Thirsty13 Goes International

by The Doctor

additions by BP

Thirsty13 Goes International:

1. Chicks in Paris are MUCH hotter than their American counterparts. You can find hot girls anywhere if you look hard enough, but in Paris they are everywhere. I have never seen so much consistent talent in one city. Here's the "exchange rate" for you: a '5' in Paris would be an '8.5' back home. Oddly enough, these insanely hot women are usually with scummy French dudes. WTF!

2. Parisians do NOT look where they are going when walking down the street and will not get out of your way...ever.

3. I was expecting the stereotype that French people are ridiculously rude to hold true. Sorry to disappoint you, Freedom Fry Fans, but it's either it's a myth or none of us encountered it after being there for a week. Sure, there was an occasional dickhead waiter or snooty salesperson but no more than you would find in Boston or LA.

4. No one wears shorts in Paris...even when it's 95 degrees. If you see someone rocking shorts, it'll probably be accompanied by a fanny-pack and a Pittsburgh Steelers tank-top. On the plus side, no one wear Crocs either. [If you don't know what the hell I'm talking about, see ACROCalypse Now on the Kicks page.]

5. It wasn't a surprise to me and it probably won't be to you either, but shit is crazy expensive (on top of the terrible exchange rate). At one club in Paris, I paid 17 Euros for a Grey Goose and Tonic - that's almost $22! I bought a can of Coke in London and it cost me 2 Pounds - about $3.78. I should have brought some Top Ramen.

6. One stereotype that did hold true: English food is not good. You can find good restaurants in London but once you get out to the countryside, forget about it. Everything is covered with butter or mayo, or both. Seriously. The best meal I had there was from Subway...and even that wasn't great. When asked if I wanted mayo on my sub, I should have known better. She used about half of the container and then had to change her gloves afterwards. No joke.
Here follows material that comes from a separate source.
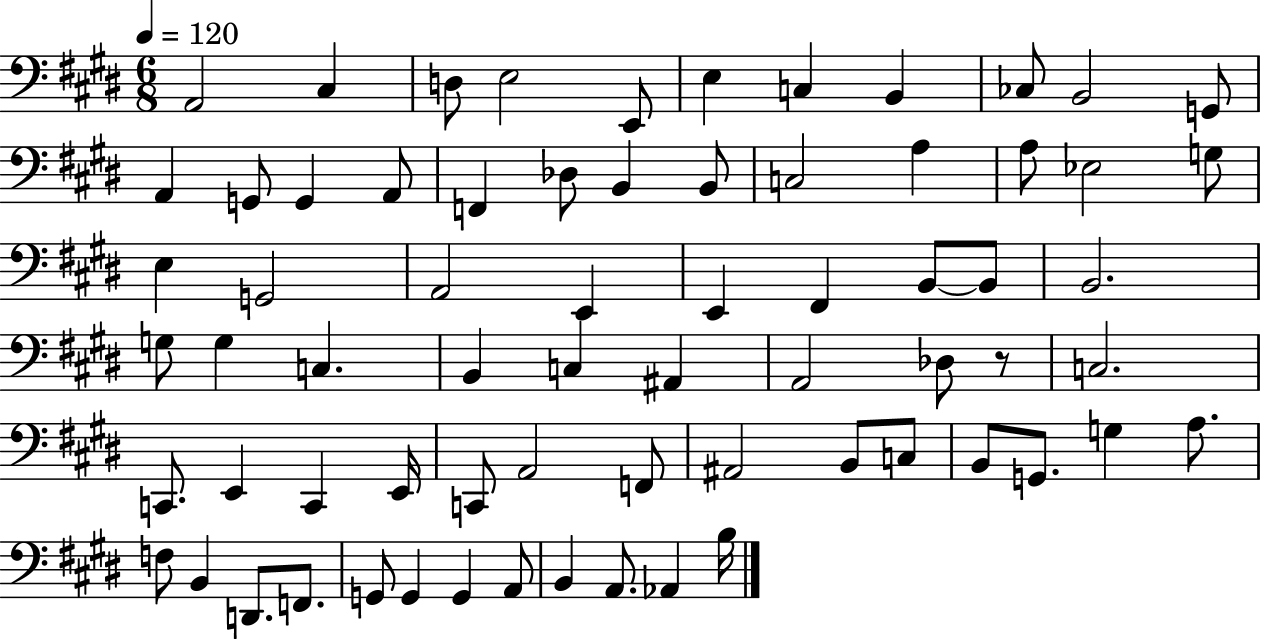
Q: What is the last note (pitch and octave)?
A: B3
7. Service is pathetic. Most of the time the tip is included so that doesn't help. Here's an example: for my buddy's wedding about 3 hours outside of London, we stayed at a small inn called The Mullions. The "Mullions"? Yikes - it sounds like something you caught from that skank you picked up at The Rack last weekend. Anyway, when one of us checked in, the cranky inn-wench behind the desk said something like, "Oh, you're here for that wedding?? The rehearsal dinner is tonight and it's a LOT of work." Sorry to put you out by booking your crappy-ass inn to capacity and paying you to serve us mayo sandwiches while we drank at your bar all night. Cheers, fuckers!

8. A LOT of French people have serious B.O. issues. Not only is French B.O. widespread, but it smells...different. Où est le désodorant?

9. There is a much higher age for acceptable MILFs in Paris. There were MILFs easily in their 50s that were turning heads.

10. Driving on the left side of the road took some getting used to. One day, in a span of 3 minutes, we turned out of a parking lot onto the right side of the road, narrowly avoiding a head-on collision with an extremely pissed-off English chick and then side-swiped a mirror on a parked car. Car rental companies should force American drivers to alert the locals before we get behind the wheel.

11. Evidently it's weird if you ask a Parisian store clerk how they are doing. On my first day in Paris, there was a cute girl working at the "patisserie" so I lamely busted out my remedial French and said "Ca va?". She just laughed at me. That night I asked a bartender about it and he said she was probably just caught off guard because no one does that in Paris. Maybe they're rude afterall...

12. English countryside looks like western Mass. It's a very long, very expensive place to travel…for something you can get 20 minutes outside Boston.

13. They don't have ice - or anything cold - in England. Also they don't have any good Gatorade. The result is the warmest, grossest Mango-flavored “Powerade” you've ever had. And you're hungover so you're extra pissed. Get some ice, England, this is ridiculous. Or at least refrigerate a couple things (but not the mayo or butter…they're perfect as is).